In the exercise above, substituting the given components \( a = 1 \) and \( b = \sqrt{3} \):

• Calculate \( 1^2 + (\sqrt{3})^2 = 1 + 3 = 4 \).
• Thus, \( |\mathbf{v}| = \sqrt{4} = 2 \).

The magnitude helps us understand how far the vector extends in the coordinate plane.

Once you know a vector's components, calculating its direction angle is crucial to fully understanding its orientation in space. The direction angle, often denoted as \( \theta \), measures the angle between the positive x-axis and the vector.
The angle \( \theta \) is found using the formula:\[\theta = \tan^{-1}\left(\frac{b}{a}\right)\]
where \( b \) is the y-component and \( a \) is the x-component of the vector.

• In our example, \( \theta = \tan^{-1}\left(\frac{\sqrt{3}}{1}\right) \).
• This expression simplifies to \( \theta = \tan^{-1}(\sqrt{3}) \).
• From trigonometric tables or calculators, we know \( \tan 60^\circ = \sqrt{3} \).

Thus, the direction angle is \( 60^\circ \). Understanding this angle helps in both the graphical representation and practical applications of vector analysis.

The inverse tangent function, denoted as \( \tan^{-1} \) or sometimes as \( \arctan \), is used to determine the angle whose tangent is a given number.

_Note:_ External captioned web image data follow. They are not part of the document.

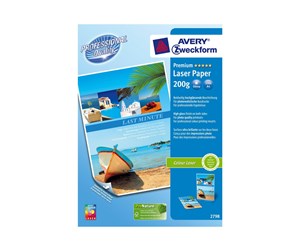 Papir, Fotopapir & Etiketter - Avery Premium fargelaserpapir, A4, dobbeltsidig belegg, 200 g/m² - 2798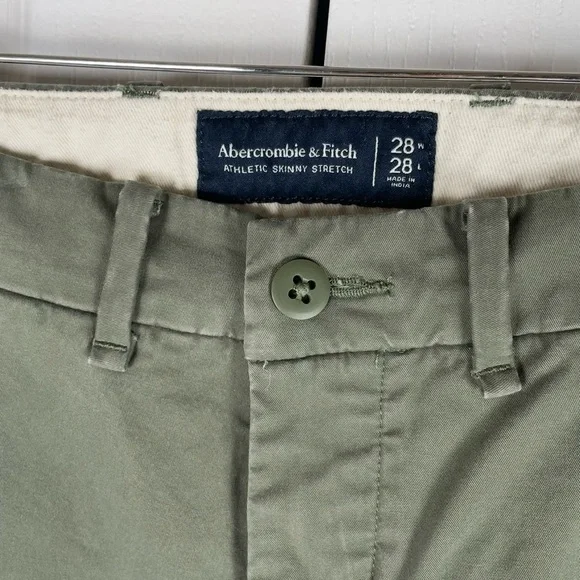 Abercrombie & Fitch Athletic Skinny Stretch Chino Pants Men’s 28x28 Army Green - Picture 3 of 13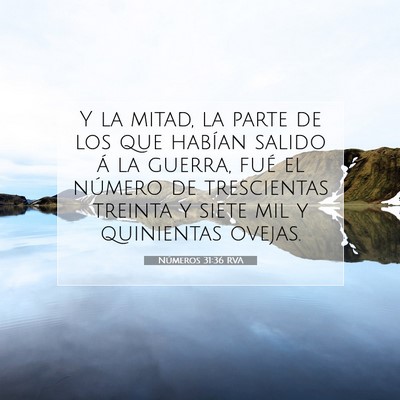 Picture 07 - Números 31:36 RVA - Y la mitad, la parte de los que habían salido á - Bible Verse Picture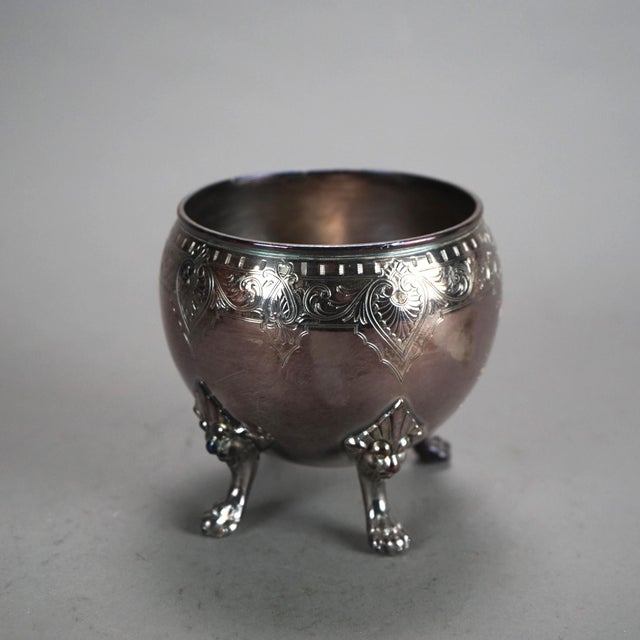 2 Piece Antique Silver Plated Clawfoot Tea Set, Circa 1890 For Sale - Image 4 of 4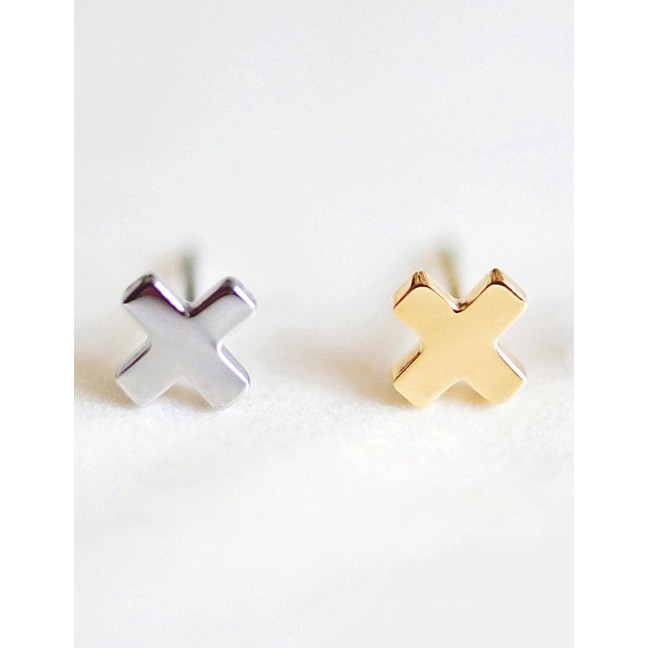 LRC Anting Tusuk Fashion Steel Color Stainless Steel Cross Stud Earrings F59830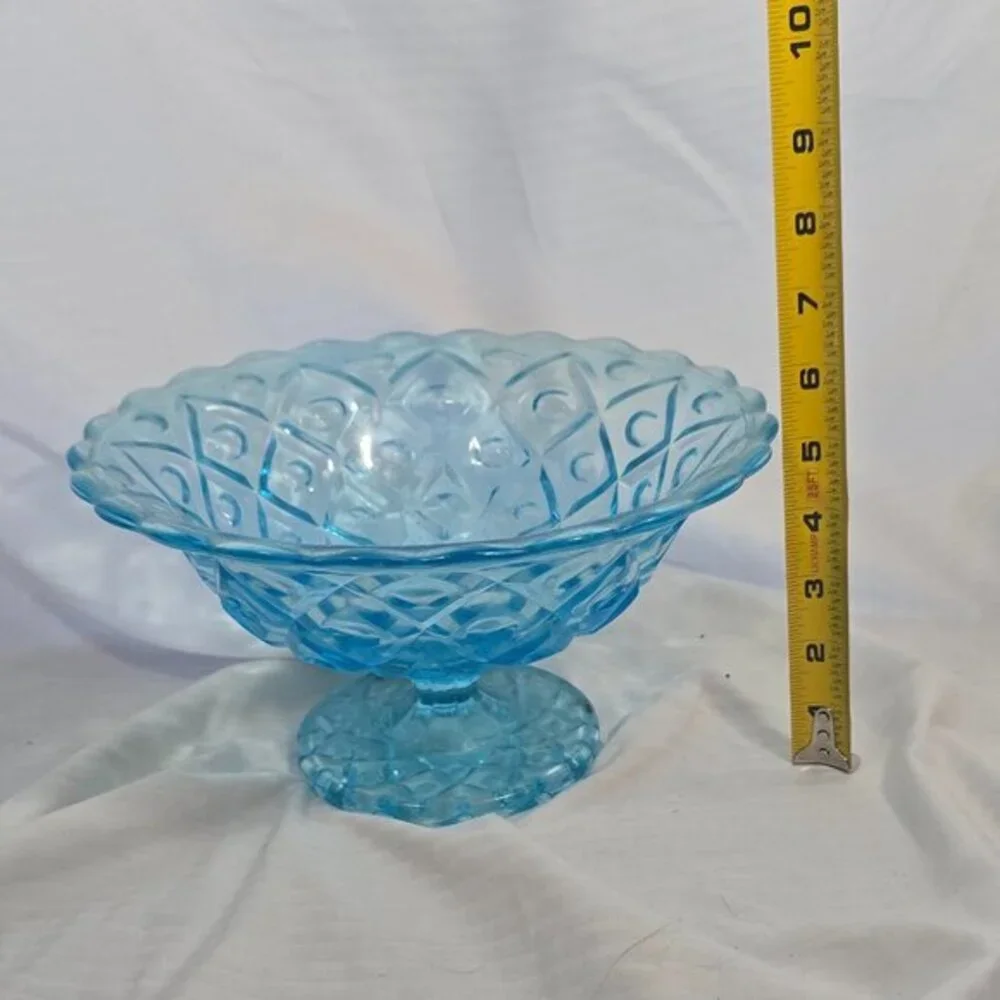 Pedestal Bowl Aqua Blue Glass Diamond Dot 9.5in Excellent Vintage‎ MCM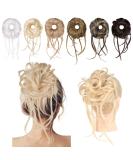 REECHO Super Long Tousled Updo Hair Bun Extension - Beige Blonde | Curly Wavy Hair Wrap Ponytail Scrunchie for Women Girls - Buy Online on SooperMarket.com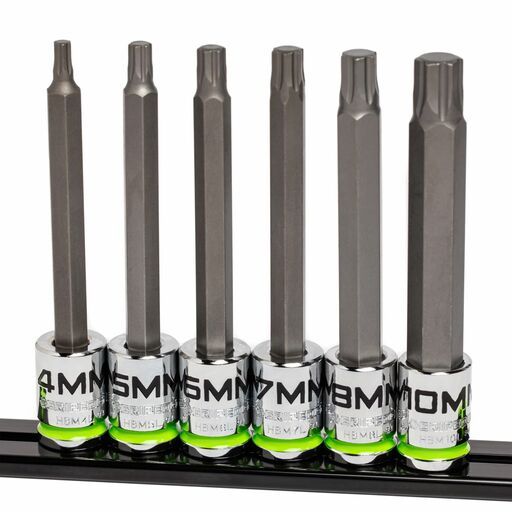 GRIPEDGE  HBM6LS 6pce 3/8" Drive Long Metric Hex Driver Set – image 5
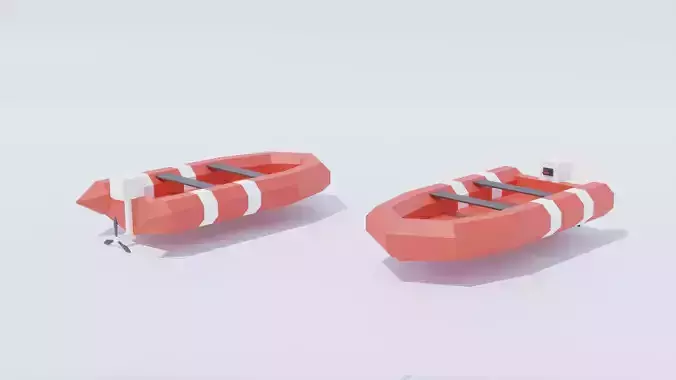 Rescue Boat Low Poly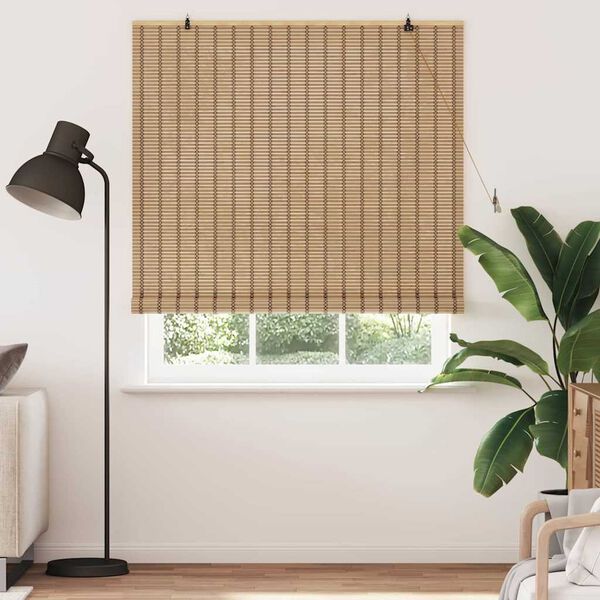 vidaXL Estores de rolo com cortinas Manual Natura 150 x 160 cm Bambu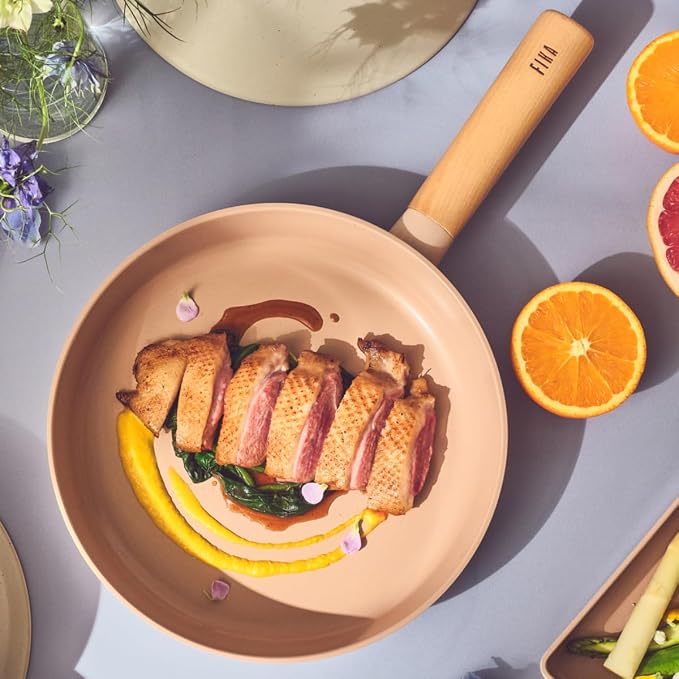 Neoflam FIKA Kitchen Essential 11-Inch Nonstick Pan with Wood Handle, Healthy Cooking Non Stick Skillet, Induction Compatible Cookware, Egg, Tamagoyaki, Made in Korea (28cm)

In vector problems, it is particularly important for calculating angles when you have the ratio of the two components.
You apply \( \tan^{-1} \) when you are given the opposite and adjacent sides of a right triangle, which in vector terminology means the y and x components.
For the vector discussed:

• You need \( \tan^{-1}(\sqrt{3}) \).
• Consult trigonometric tables or a calculator to find that \( \tan^{-1}(\sqrt{3}) \) equals \( 60^\circ \).

Using the inverse tangent function effectively allows accurate determination of direction angles, thus being an essential tool in the analysis of vector quantities.